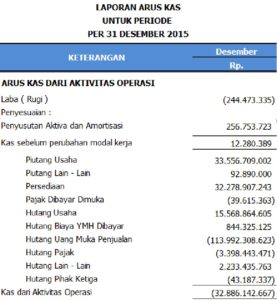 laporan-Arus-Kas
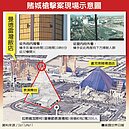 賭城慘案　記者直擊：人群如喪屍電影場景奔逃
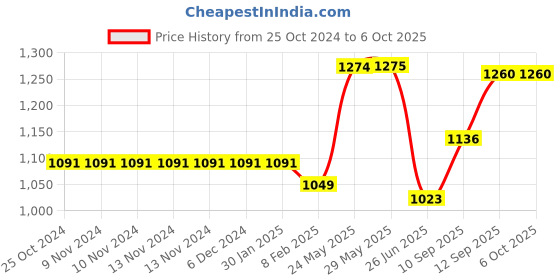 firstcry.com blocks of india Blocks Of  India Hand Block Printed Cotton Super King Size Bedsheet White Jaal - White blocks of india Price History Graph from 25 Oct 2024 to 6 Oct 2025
---
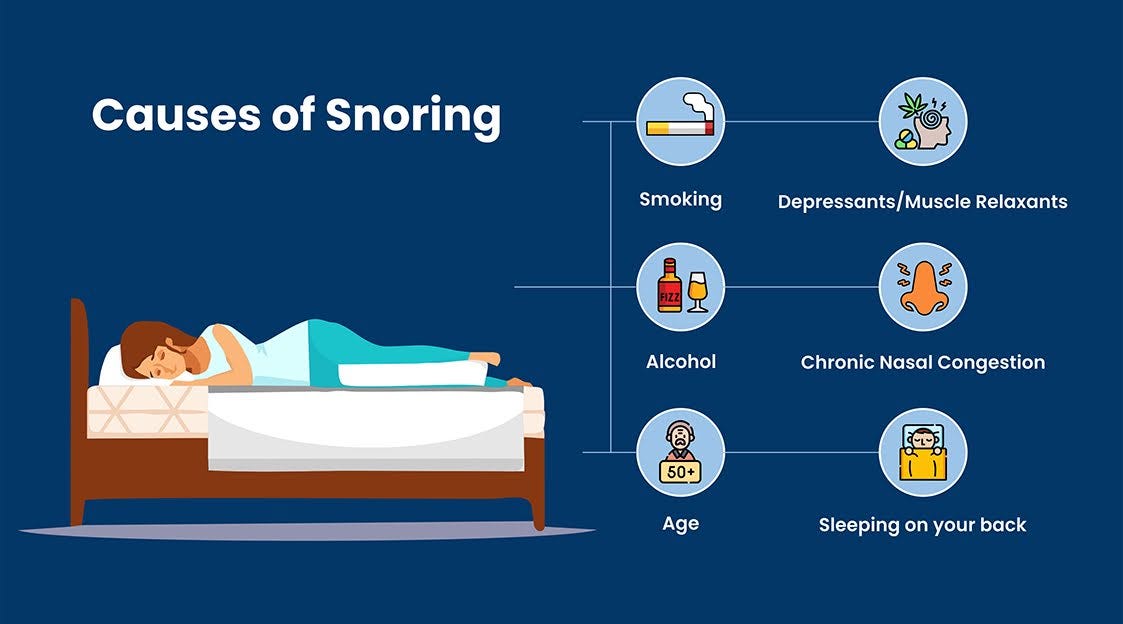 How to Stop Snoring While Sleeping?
* * *
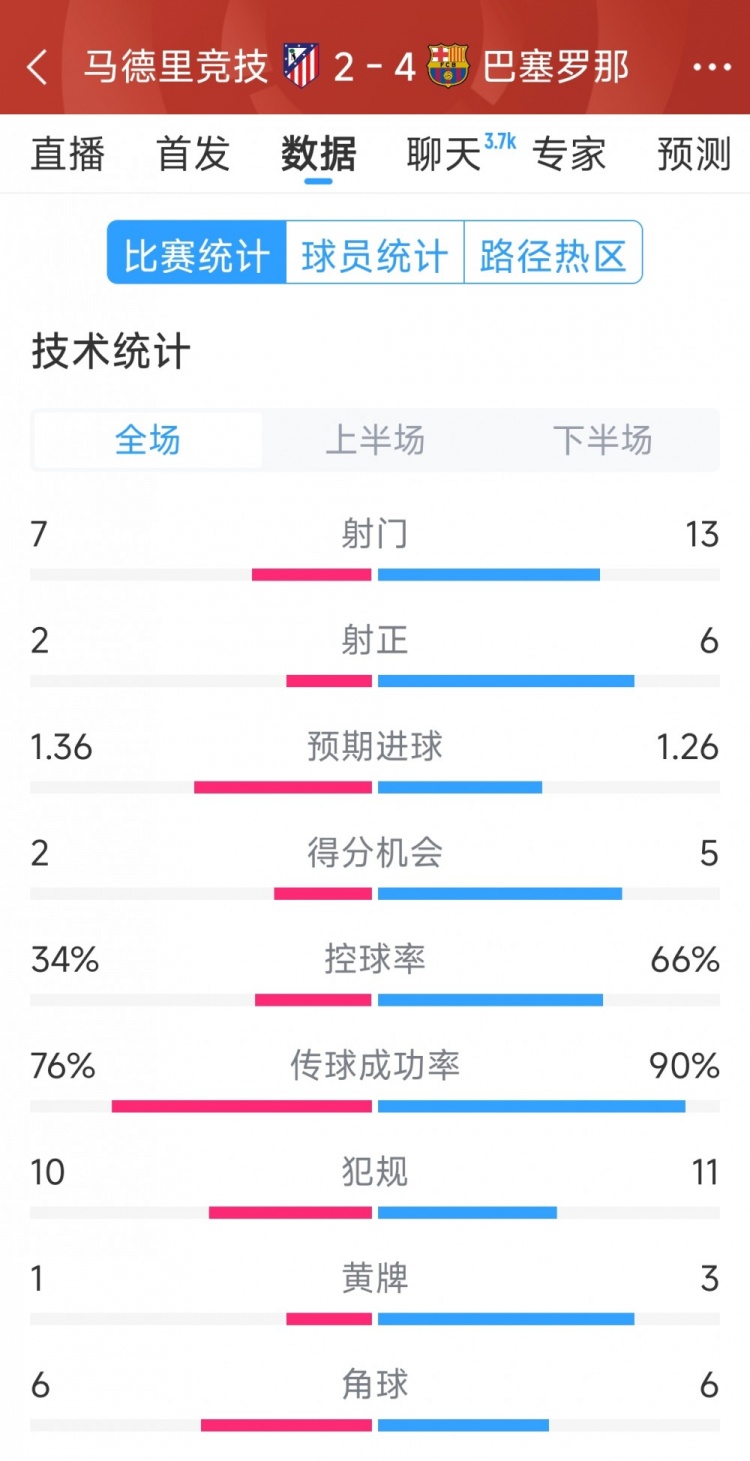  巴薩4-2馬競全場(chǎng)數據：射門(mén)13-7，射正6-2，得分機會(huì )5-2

--- Task objective ---
Extract, without any images, the part of the material above that opens with the line containing "laporan-Arus-Kas" and closes with the line containing "firstcry.com blocks of", both lines included.

--- Response to the task ---
 laporan-Arus-Kas
 賭城慘案　記者直擊：人群如喪屍電影場景奔逃
 firstcry.com blocks of india Blocks Of  India Hand Block Printed Cotton Super King Size Bedsheet White Jaal - White blocks of india Price History Graph from 25 Oct 2024 to 6 Oct 2025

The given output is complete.